* [What you should do]: The data should be restated word for word, in full.

* [Provided entries]:
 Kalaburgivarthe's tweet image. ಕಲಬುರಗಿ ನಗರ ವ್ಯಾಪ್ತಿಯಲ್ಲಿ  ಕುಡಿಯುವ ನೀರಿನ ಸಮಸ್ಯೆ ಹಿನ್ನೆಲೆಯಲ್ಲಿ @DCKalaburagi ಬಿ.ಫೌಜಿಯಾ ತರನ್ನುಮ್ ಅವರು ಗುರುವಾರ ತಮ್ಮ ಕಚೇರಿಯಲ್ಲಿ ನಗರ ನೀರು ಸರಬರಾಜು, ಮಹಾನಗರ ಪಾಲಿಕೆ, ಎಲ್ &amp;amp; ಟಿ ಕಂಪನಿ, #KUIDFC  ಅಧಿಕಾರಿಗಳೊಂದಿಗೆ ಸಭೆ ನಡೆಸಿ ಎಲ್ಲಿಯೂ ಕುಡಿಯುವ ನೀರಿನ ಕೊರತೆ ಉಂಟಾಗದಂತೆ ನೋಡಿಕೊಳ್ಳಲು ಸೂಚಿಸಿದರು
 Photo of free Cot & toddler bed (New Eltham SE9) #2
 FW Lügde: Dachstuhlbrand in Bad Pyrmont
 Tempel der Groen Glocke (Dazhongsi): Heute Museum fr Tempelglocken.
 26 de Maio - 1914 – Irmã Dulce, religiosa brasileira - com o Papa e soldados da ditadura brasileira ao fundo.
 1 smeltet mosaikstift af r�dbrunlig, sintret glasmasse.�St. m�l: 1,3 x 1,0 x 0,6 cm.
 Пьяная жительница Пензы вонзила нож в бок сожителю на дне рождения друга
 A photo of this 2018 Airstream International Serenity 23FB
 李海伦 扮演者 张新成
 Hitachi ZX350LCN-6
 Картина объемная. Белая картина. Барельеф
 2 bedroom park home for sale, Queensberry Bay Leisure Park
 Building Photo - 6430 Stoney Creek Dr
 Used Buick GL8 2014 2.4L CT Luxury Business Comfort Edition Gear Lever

* [Your solution]:
 Kalaburgivarthe's tweet image. ಕಲಬುರಗಿ ನಗರ ವ್ಯಾಪ್ತಿಯಲ್ಲಿ  ಕುಡಿಯುವ ನೀರಿನ ಸಮಸ್ಯೆ ಹಿನ್ನೆಲೆಯಲ್ಲಿ @DCKalaburagi ಬಿ.ಫೌಜಿಯಾ ತರನ್ನುಮ್ ಅವರು ಗುರುವಾರ ತಮ್ಮ ಕಚೇರಿಯಲ್ಲಿ ನಗರ ನೀರು ಸರಬರಾಜು, ಮಹಾನಗರ ಪಾಲಿಕೆ, ಎಲ್ &amp;amp; ಟಿ ಕಂಪನಿ, #KUIDFC  ಅಧಿಕಾರಿಗಳೊಂದಿಗೆ ಸಭೆ ನಡೆಸಿ ಎಲ್ಲಿಯೂ ಕುಡಿಯುವ ನೀರಿನ ಕೊರತೆ ಉಂಟಾಗದಂತೆ ನೋಡಿಕೊಳ್ಳಲು ಸೂಚಿಸಿದರು
 Photo of free Cot & toddler bed (New Eltham SE9) #2
 FW Lügde: Dachstuhlbrand in Bad Pyrmont
 Tempel der Groen Glocke (Dazhongsi): Heute Museum fr Tempelglocken.
 26 de Maio - 1914 – Irmã Dulce, religiosa brasileira - com o Papa e soldados da ditadura brasileira ao fundo.
 1 smeltet mosaikstift af r�dbrunlig, sintret glasmasse.�St. m�l: 1,3 x 1,0 x 0,6 cm.
 Пьяная жительница Пензы вонзила нож в бок сожителю на дне рождения друга
 A photo of this 2018 Airstream International Serenity 23FB
 李海伦 扮演者 张新成
 Hitachi ZX350LCN-6
 Картина объемная. Белая картина. Барельеф
 2 bedroom park home for sale, Queensberry Bay Leisure Park
 Building Photo - 6430 Stoney Creek Dr
 Used Buick GL8 2014 2.4L CT Luxury Business Comfort Edition Gear Lever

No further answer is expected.